Ranking the top 20 Iowa defensive backs would’ve been difficult, and believe me, I considered doing it before deciding to stick to 10.
This is the eighth in a series ranking the top 10 Iowa players at each position, and defensive back was by far the most difficult of any position to rank.
It felt helpless at times trying to trim the list to just 10.
I was stuck on 14 for nearly two days because I couldn’t bring myself to eliminate four from the field.
Picking between two of the biggest legends in Hawkeye sports for the top spot was also extremely difficult as I kept going back and forth.
But as promised, after hours of agonizing over who should or shouldn’t make the top 10, here are my top 10 Iowa defensive backs of all time.
And as I’ve been saying throughout this series, the rankings are based solely on what the players accomplished as a Hawkeye.
That will help to explain why two of the greatest NFL defensive backs of all time didn’t make the top 10.
10. Tyler Sash, 2008-10 – The 10th spot came down to Sash, Earl Douthitt, Paul Krause, Devon Mitchell and Emlen Tunnell.
Sash was given the nod as the only one of the five to have twice made first-team All-Big Ten. The Oskaloosa native earned that distinction as a sophomore in 2009 and as a junior in 2010.

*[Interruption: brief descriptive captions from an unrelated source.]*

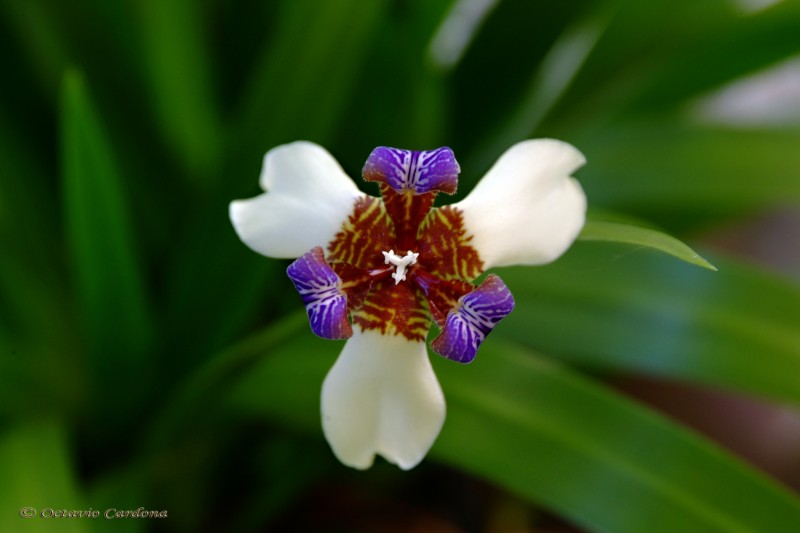 Flor de un da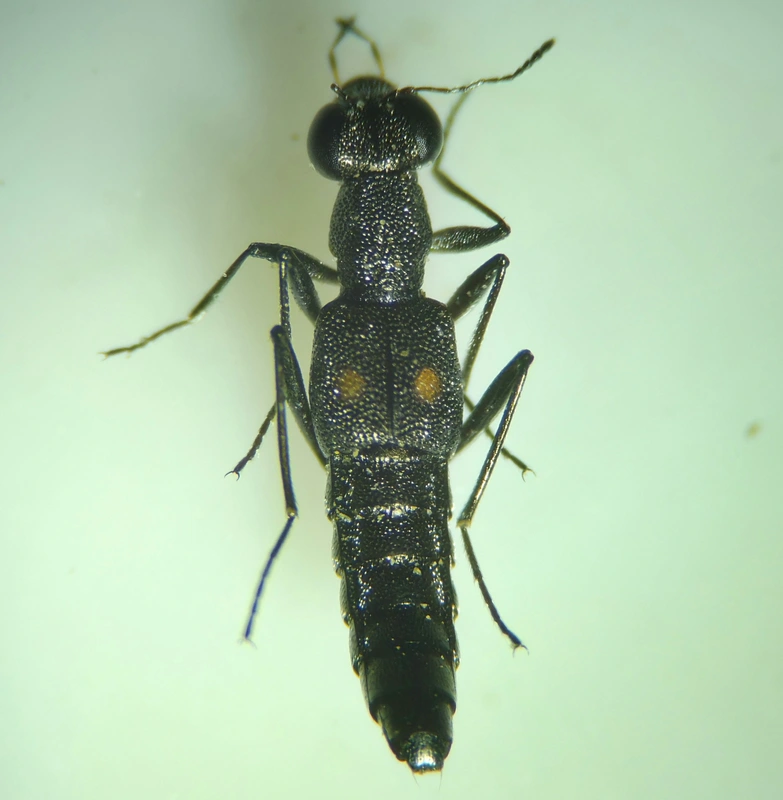 Stenus biguttatus - kétpettyes szemesholyva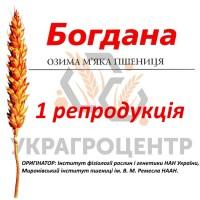 Насіння озимої пшениці БОГДАНА 1 репродукція 2025р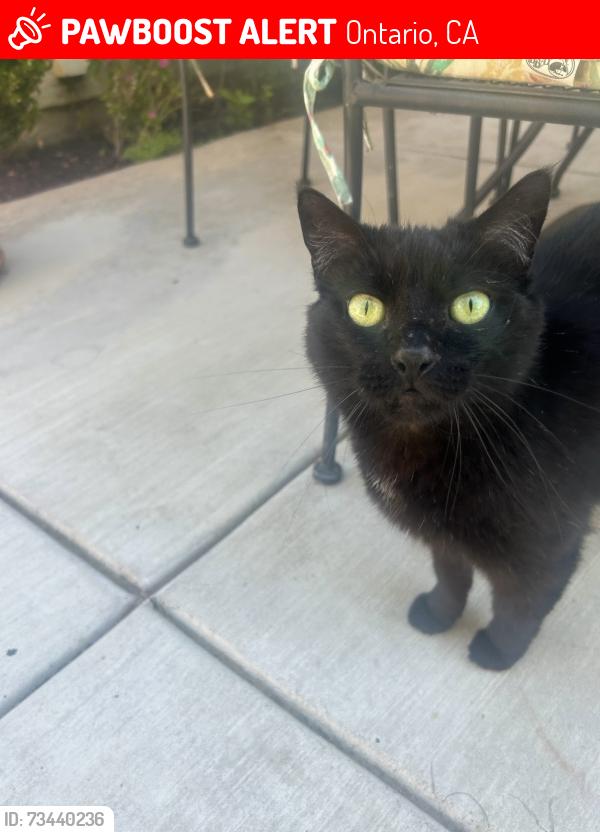 Lost Female Cat last seen Haven and Creekside dr., Ontario, CA 91761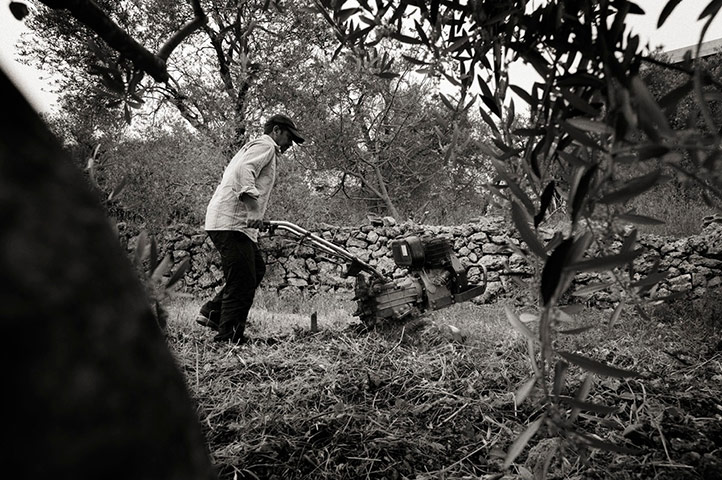 Syria refugees: refugee olive lebanon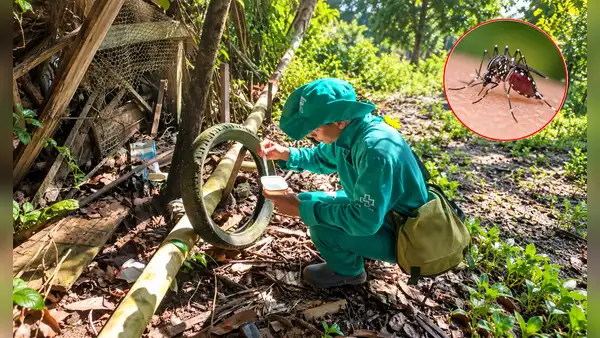 Fenómeno El Niño podría elevar el riesgo de dengue en Amazonas: Diresa advierte sobre nuevos criaderos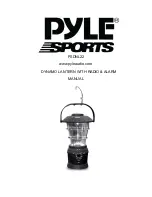 Pyle Sports PSDNL22 Manual Manual предпросмотр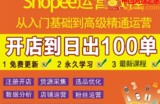 shopee运营教程：从0基础到高级精通，开店到每天100单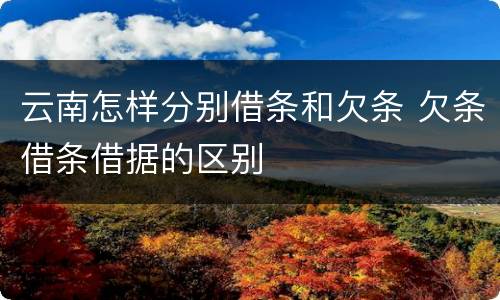 云南怎样分别借条和欠条 欠条借条借据的区别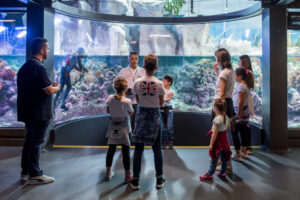 Acquario di Genova, visite guidate serali e cena al tramonto: l’esperienza speciale dell’estate
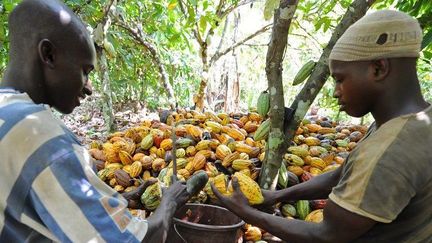 Récolte de cabosses de cacao en Côte d'Ivoire. (AFP)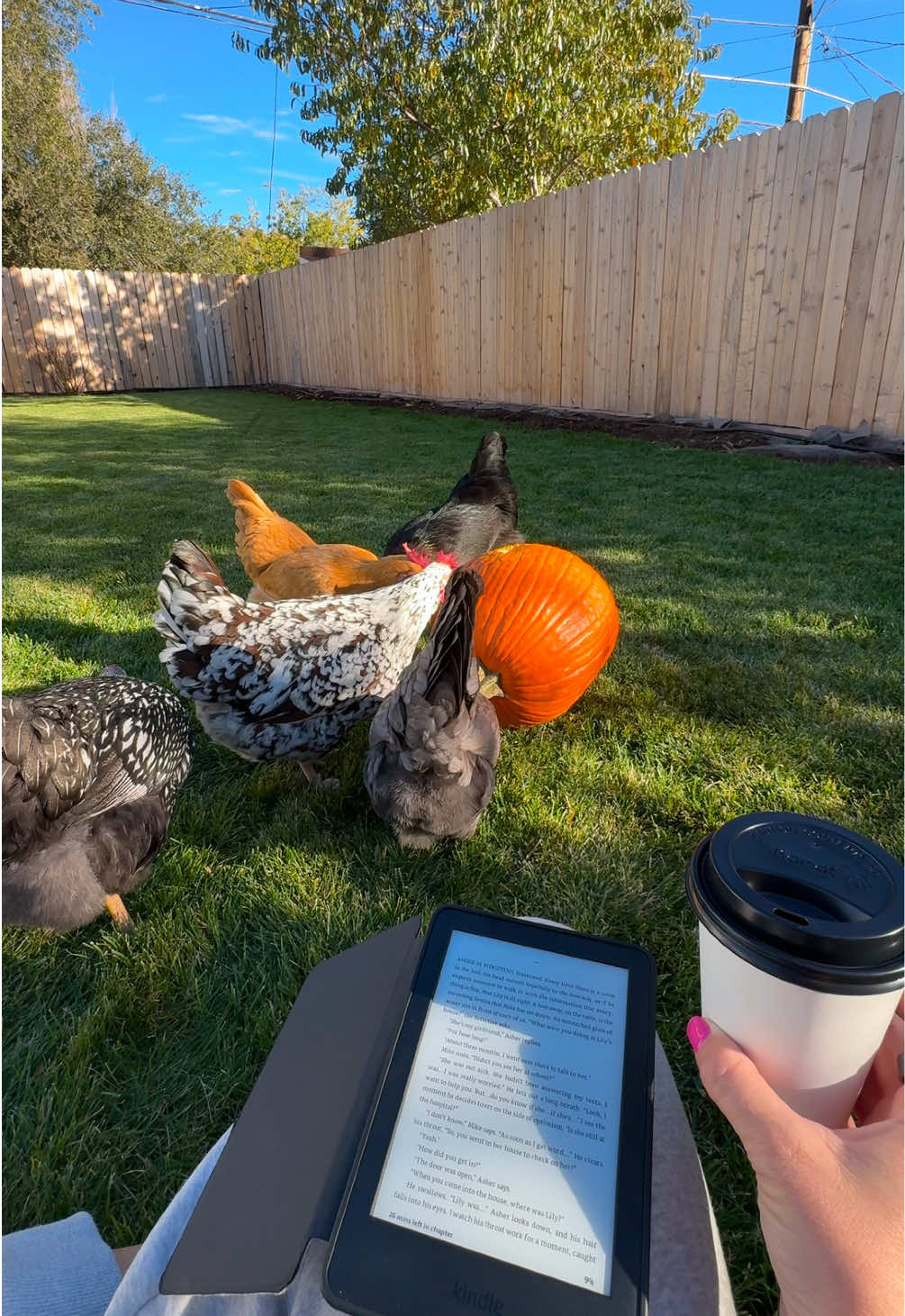 My favorite fall activity to date  … #pumpkincarving #chickenpumpkincarving #chickentok #fallvibes #jackolantern 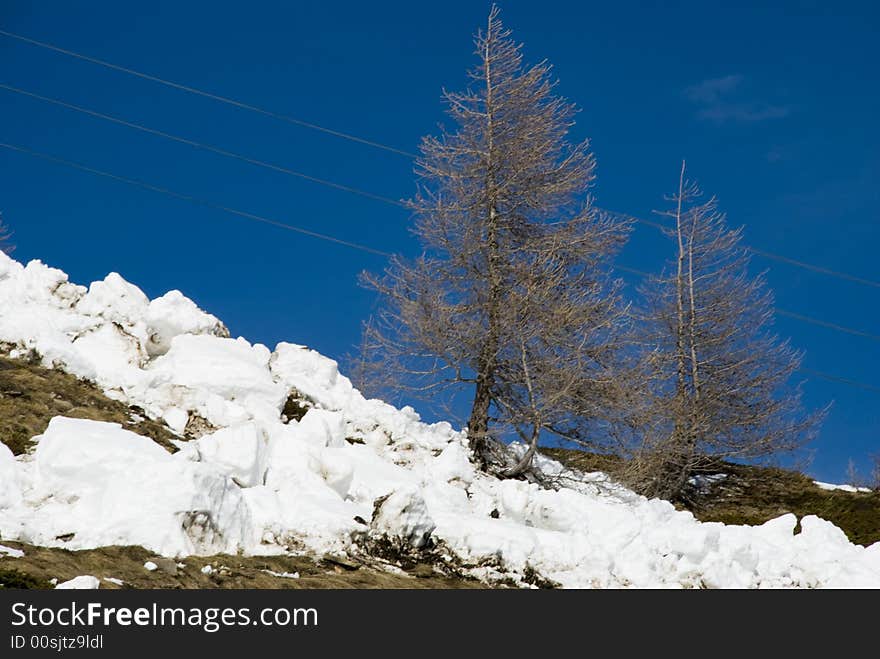 LaThuile, Snow, trees and slopes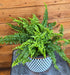 The Plant Farm® Houseplants Fern Compact Boston, 6" Plant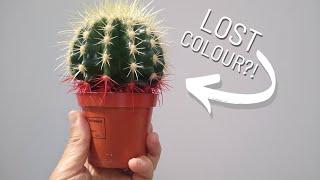 Why Do Rainbow Cactus Lose Their Colour? QUICK Answer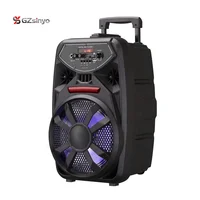 

8 inch rechargeable portable amplifier speaker with microphone and disco light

Krause and Tunnell would both go on to become star defensive backs in the NFL and they still rank first and second, respectively, with 81 and 79 career interceptions. But neither made first-team All-Big Ten at Iowa. Krause made second-team All-Big Ten in 1963, while Tunnell didn’t make first- or second-team All-Big Ten.
Tunnell also played just two seasons at Iowa in 1946 and 1947.
Sash, on the other hand, finished his three-year career with 13 interceptions and with 392 return yards on those interceptions, which is a program record and fifth all-time in Big Ten history.
He passed on a chance to add to his Hawkeye legacy by skipping his senior season to enter the 2011 NFL draft where he was selected by the New York Giants in the sixth round.
He would go on to win a Super Bowl with the Giants.
However, on Sept. 8, 2015, Sash was found dead at his home in Oskaloosa at the age of 27. The autopsy report concluded that his death was caused by a mixture of drugs.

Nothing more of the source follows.